Cows moving around in brush sound as loud as you might think: a lot of breaking wood and the sound of weight thudding on the ground. The cows that live in the Paria River Canyon were up to something last night, crashing about and crying mournfully to each other from both sides of the river. As I was eating my dinner last night, a cow sauntered up the hill to the bench where my tent was pitched and she panicked when she saw me: hey I said, as in how’s it going friend, but she turned and fled back down into the river and there followed a long series of disgruntled moos and crashes. 

Walking up the Paria today was fortifying. It’s a lovely canyon whose character changed every few miles. The Chinle skirts disappeared, the rock became less of a purple red and more iron-rich red, and eventually the red was supplanted by white sandstone, a sediment layer on top of the red. Rock from another time. Walking up the canyon meant fording the river over and over and over and over. Though never more than shin deep and not all that fast, this morning at 6:30am the water was frigid. The first few crossings I didn’t mind, but an hour and dozens of crossings later, my feet were completely numb. Feet are incredibly sensitive and feed information to the brain about where the foot is, how stable the ground, what other muscles need to support the step so the walker doesn’t fall. But my numb feet gave me nothing but that kind of painful discomfort of frozen limbs. It made walking on the stone-covered flood plain of the river slow, a kind of moving study in what other ways the body might balance if the feet are restricted in their capacity. It took a few hours, aching hours of leaning heavily on my trekking poles, before the sun finally crested the rim of the canyon. Almost instantly I warmed, my toes wiggled, and the water didn’t seem so cold anymore. 

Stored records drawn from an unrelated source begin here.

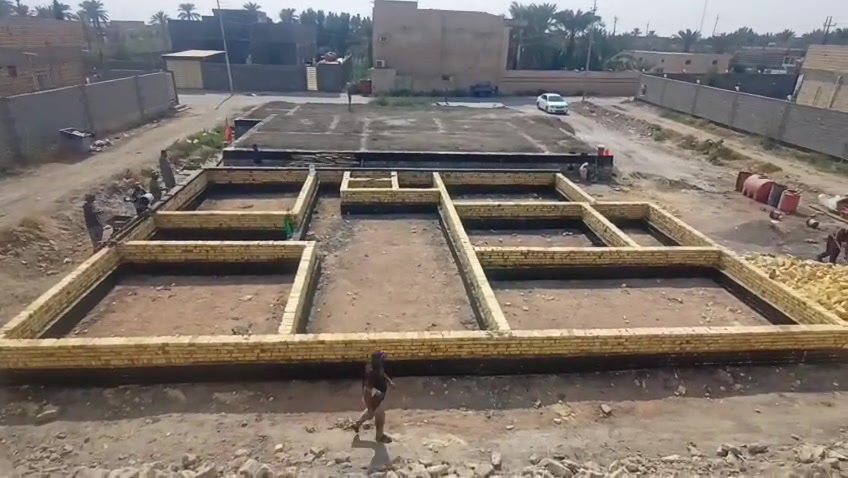 خدمات بناء • مقاولات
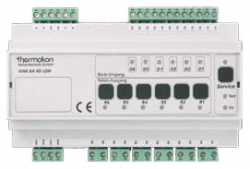Модуль ввода/вывода I/O, с LON-интерфейсом, IO44, HS 8A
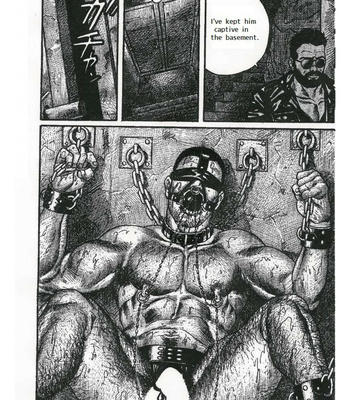 [Gengoroh Tagame] Chokyoshi (The Slave Trainer) [Eng] – Gay Manga sex 20
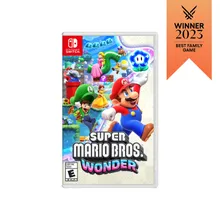 Maravilha de Super Mario Bros.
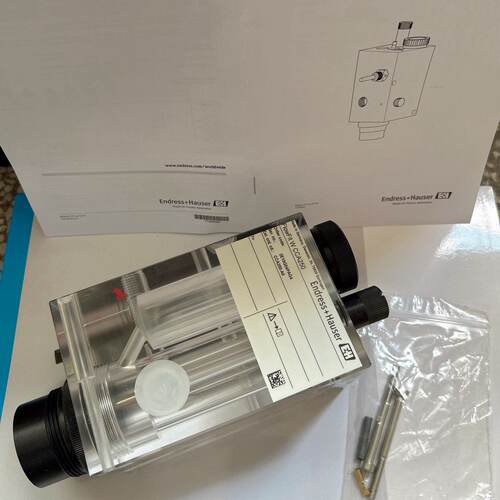 议价EH EndressHauser Flowfit W C适用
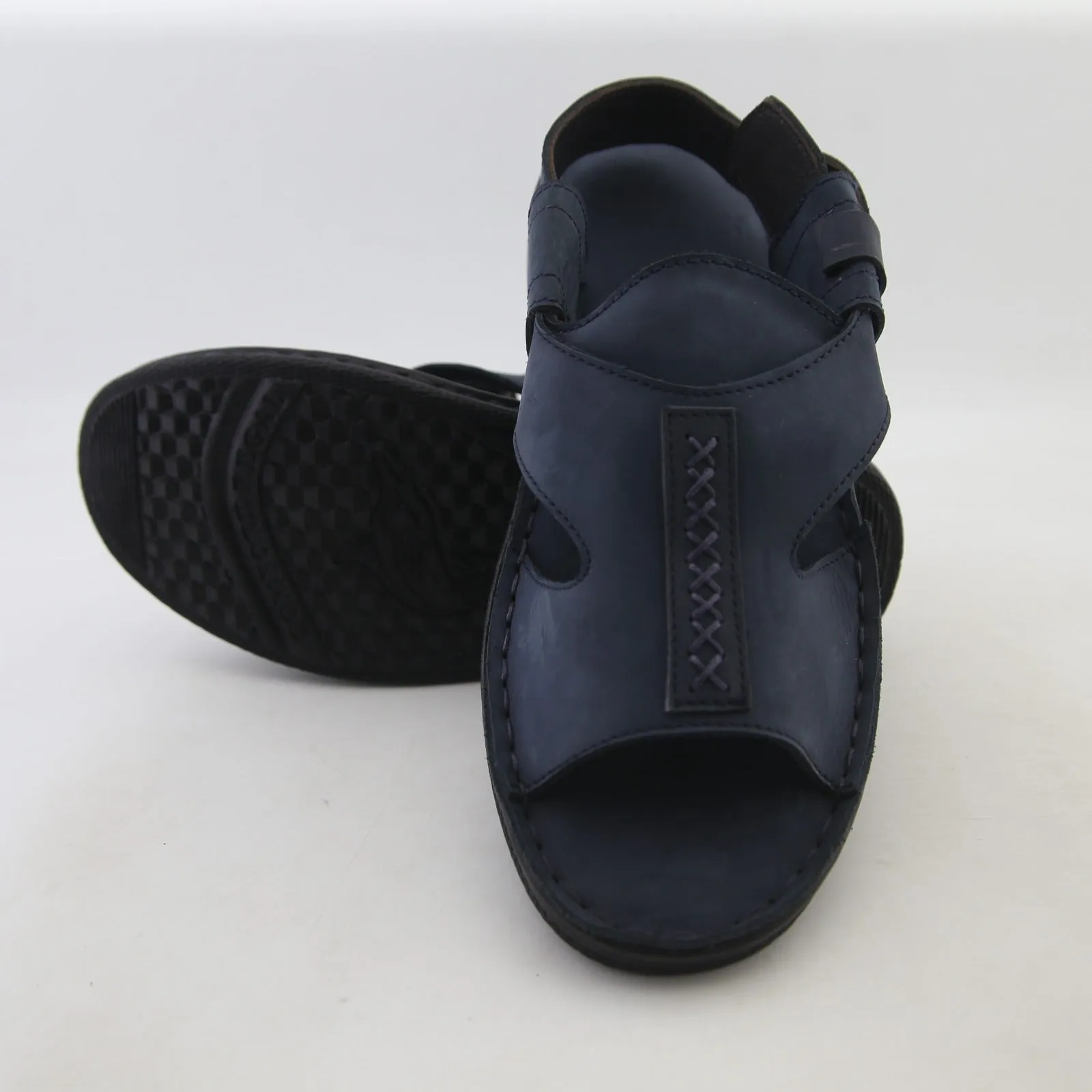 Kohati - Men - Sandal (Navy)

By noon I was heading out of the Paria and up Sheep Creek Canyon, and then over to Bull Valley Gorge. Bull Valley Gorge lead to a long slot canyon whose walls looked like images of water, all wavy lines and gentle curves, but also rose dramatically skyward on either side of the canyon. The slot narrowed to only a few feet wide a couple times, and where it had more width the sides sported massive snow banks covered in mud. So well covered, in fact, that I though they were simply mounds of dirt before I realized they were snow. The dirt was something of a mystery: how does enough dirt to completely cover up the snow collect in the canyon just since the last snow? Is it flood debris? Rock shedding? The canyon had other surprises too. At some point an old rusted motorcycle had washed down and wedged against a rock. Another time a truck slid off the road above and got wedged into the slot. You can see the truck from below, vertical, the cab crushed (I think the three men inside died at the time, in the sixties (?)). The astonishing thing is that a road drives right across the top of the slot, on a bunch of dirt and trees wedged in the gap between the rocks, and also the truck. So the truck is now part of the bridge it slid from. Cycle of life right there. 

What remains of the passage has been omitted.